Many times, people buy properties they can afford, not what would be happy living in. If on rent, one has the option of living in a property & location that one is happy about. While buying without adequate financial resources, we end up compromising – hugely.
10. Buying a home in the future is impossible
That is a big lie – told by virtually everyone to hustle people into buying properties.
If a person can take a loan and service that through EMI, it means that the person has that much surplus. In a rent situation, the surplus would be less the rent paid. As seen before, the EMI for a property would be between 3-4 times of the rent, for a similar property. Hence, there will be a good surplus which can be invested. The invested amount accumulates over time and can help in buying a property.
Studies of the cost of homes as the number of times annual income has actually come down, not gone up. This is called affordability ratio. A study by HDFC shows that the ratio was 22 in 1994-95. It has come down to just 4.7 in 2012-13. We don’t have the latest data, but it would have come down even more now as property prices are stagnant or have come down since.
Is buying own residence a good idea? If so, when should we buy?
One may want to buy a property to live in and there is nothing wrong with that. What is wrong is probably the timing of the property buy.
Early in one’s career, it may be a good idea to stay on rent as most people are very mobile and go where their career takes them. Hence, even if they buy a property in one city, they may not be able to stay in it as they may need to move to another city. In such a situation, one will be paying an EMI for one’s own home & rent for the home in the other city. This beats the idea of buying the home for self-use. Also, rental yields are so low in India – less than 2% after society charges, property tax & Income tax – that renting out one’s home is a financially poor option.
Residential property should be bought only when there is reasonable certainty of staying put in that place. This normally happens in the late thirties or early forties & that could be the time to buy one’s residence. It can, of course, vary a bit from person to person, depending on their situation.
Even after careful consideration, things change & it is possible that people may have to move cities. But, to circumvent this, some people keep their families in one place, especially if the children have come to higher classes; the person who is working in another city travels to and fro between cities.

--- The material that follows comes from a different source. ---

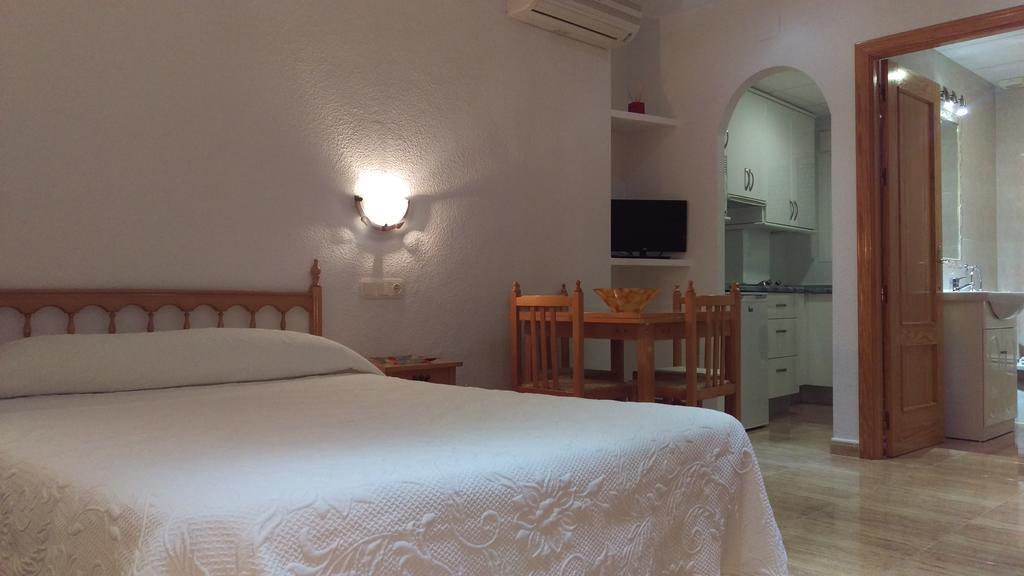 Apartamentos Berlin San Pedro del Pinatar Luaran gambar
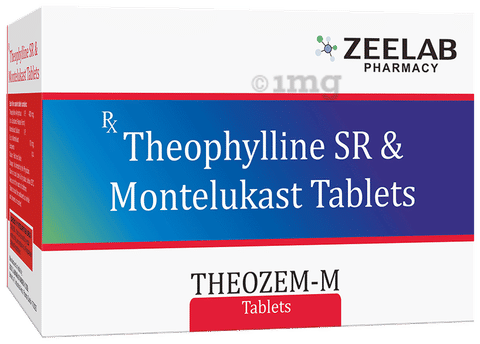 Theozem-M Tablet SR image Theozem-M Tablet SR image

What percentage one should pay upfront & what portion should be as a loan?
Most banks/ Home finance institutions are willing to fund 80% of the property price, it may be a good idea to be able to pay a higher percentage from one’s savings & keep the borrowing as a percentage low.

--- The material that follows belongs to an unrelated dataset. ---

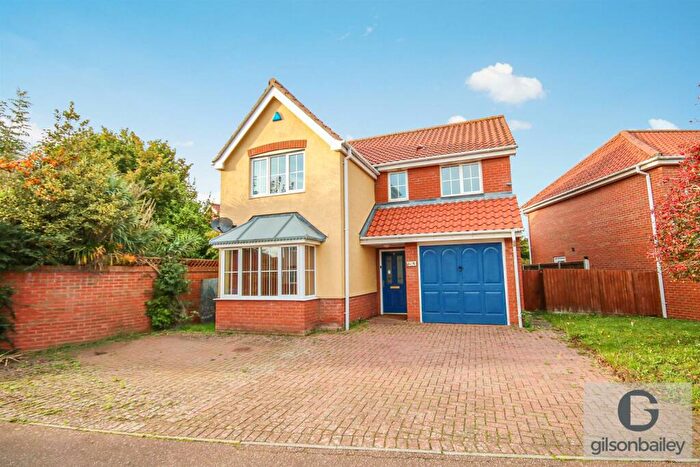5 Bedroom Detached House For Sale In Mardle Street, Norwich, NR5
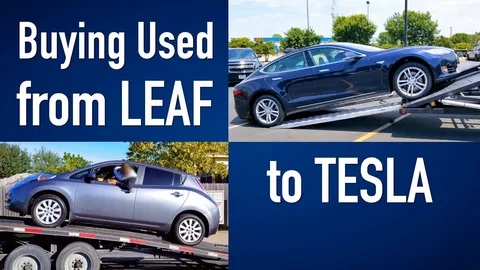 Tips for Buying a Used All Electric Car Safely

If a person is buying the property later in life as suggested, the amount of upfront payment can roughly be one half & the other half can be through loans.
People buying very early end up borrowing over 90% of the property cost from banking and other sources. With such high borrowings, money position becomes tight.
During the early phases of life, there are many aspirations one may have – buying mobiles, gifting, holidays, etc. The home would ensure that none of that would be really feasible. Also, one cannot call a property as one’s own, where one’s equity is 10% or less – if that is the reason to buy the property!
Own residence should be bought later in life when one is able to pay nearly half of the property cost & when one is reasonably certain that this is the city & place where they want to settle. Getting carried away and buying properties due to family pressure, wrong convictions, faulty financial ideas – would do more harm than good.
Roam free early on. Let family, peers, etc. not push you around. Settle for a home, only when you are really ready.